Boby got out of the service before he was even 21. “I wasn’t even old enough to drink.”

He came back to Kingsport for one year but ended up going back to California. He lived there and in Arizona 1995 when he moved back home.

He started a catering business, then expanded to a barbecue concession stand on Jonesborough’s main street. And on Oct. 31, 2006 he opened a full-scale barbecue restaurant, Boby’s Boogie Pig Bar-B-Q, on Highway 126 in Blountville.

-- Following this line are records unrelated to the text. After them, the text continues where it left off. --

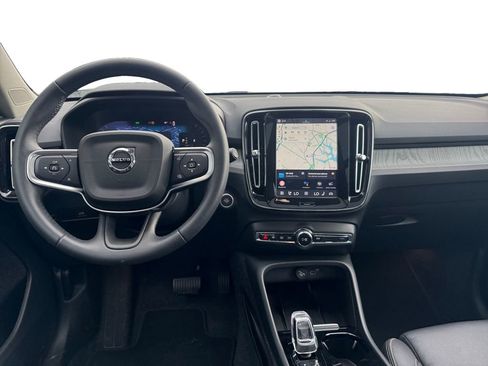 Certified 2025 Volvo XC40 B5 Plus image 8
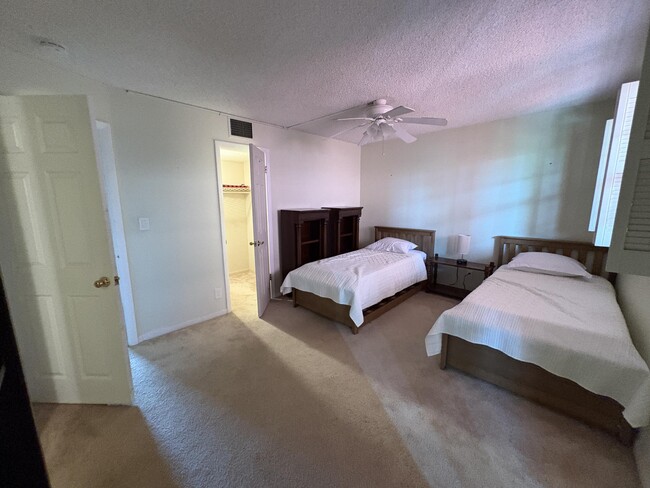 Photo - 680 Tennis Club Dr Unit 303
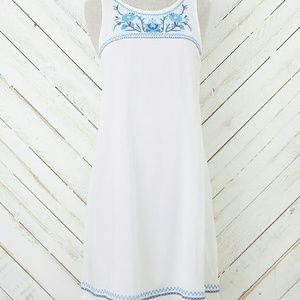 NWT Beautiful Embroidered Dress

Boby won’t make tonight’s D-B-Science Hill game. He’s got too much work renovating the barbecue building. But he still remembers that long ago game when the scouts compared him to Steve Spurrier and picked him.

 

Boby Prater 1942-2021

Here’s how the Kingsport Times-News' Frank Creasy described the Spurrier-Prater punting duel in that 1960 game:

“Aside from the running of D-B’s Charles Sproles and Science Hill’s Bill Bailey, the fans thrilled to the spectacular punts of Boby Prater and Steve Spurrier.

“With D-B in a situation of fourth down and three yards to go from its own 14 with two minutes left Prater boomed a spiral 60 yards downfield to seal the 'Toppers fate. The lanky Tribe junior toed another 47 yards in a crucial fourth-period situation and averaged 41 yards for five kicks in the game.

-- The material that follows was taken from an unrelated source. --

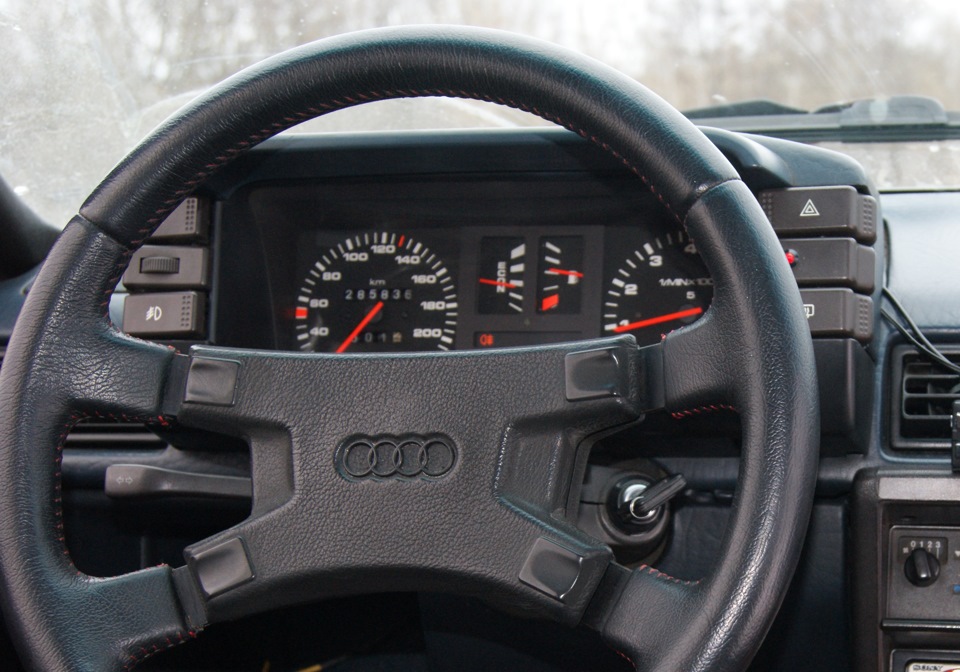 Торпеда ауди 80. Приборка Ауди 80 б2. Приборная панель Audi 80 б2. Панель приборов Audi 80 b2. Руль Ауди 80 б2.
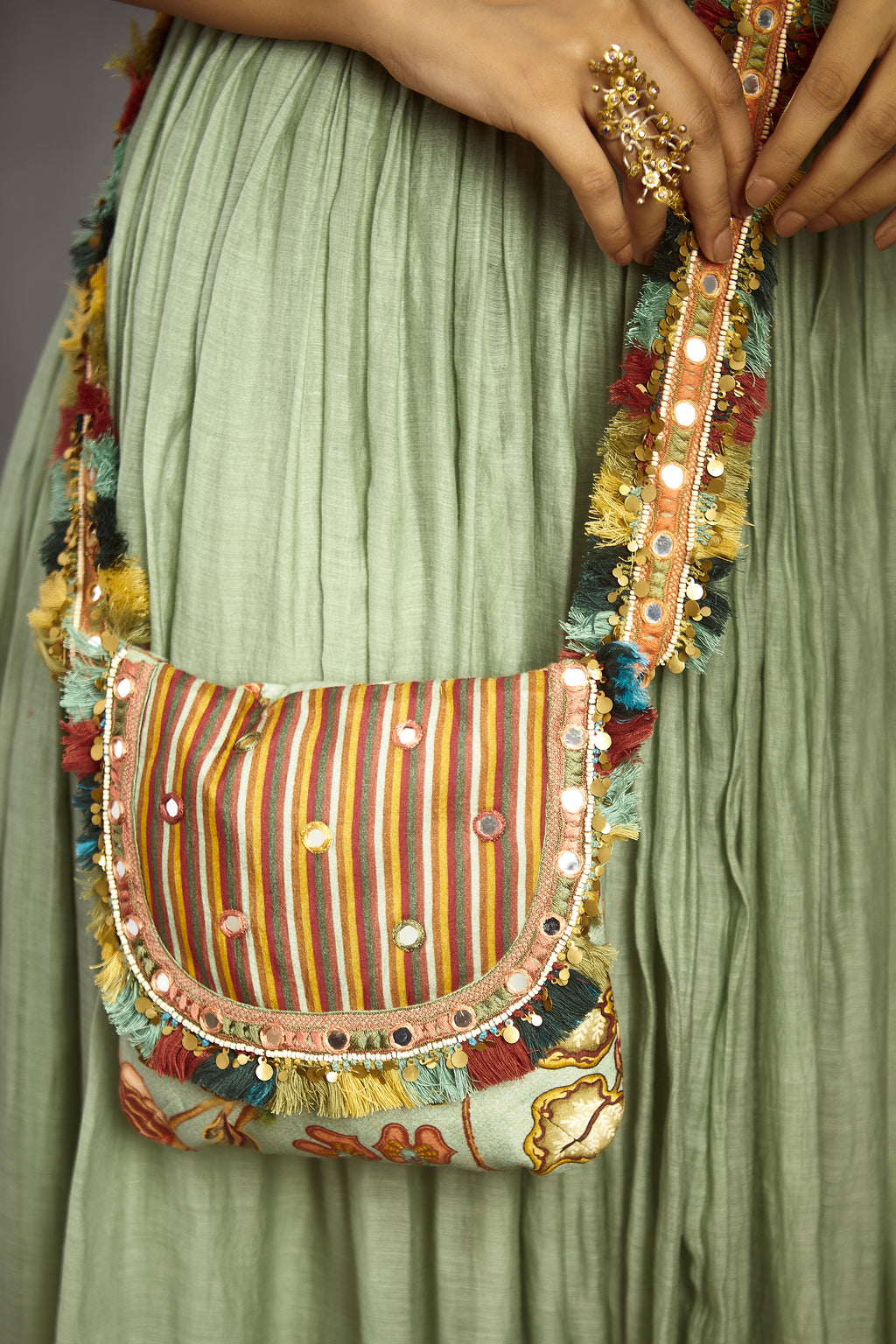 Source patchwork designer necklace Bag Banjara Boho Shoulder Gypsy Vintage  triabal banjara bag on malibabacom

“Spurrier was only a shade behind with seven punts for 35.6 yard average, including one which was reduced to 10 yards by a bounce into the end zone.”

 

Boby also played halfback and here he is carrying the ball  against Knox Fulton in 1960

As for Boby’s Blountville barbecue joint, it lasted a couple of years – the restaurant business is a tough business – and Boby went back to his Jonesborough concession stand.

He told me in 2006, “Not a day goes by that I don’t think about Dobyns-Bennett football.”

 

1960 D-B team photo: Jerry Beck, Boby Prater, Johnny Shipley

There are other stories about why Steve Spurrier went to the University of Florida instead of the University of Tennessee and I’ve heard them, too. But I like this one the best.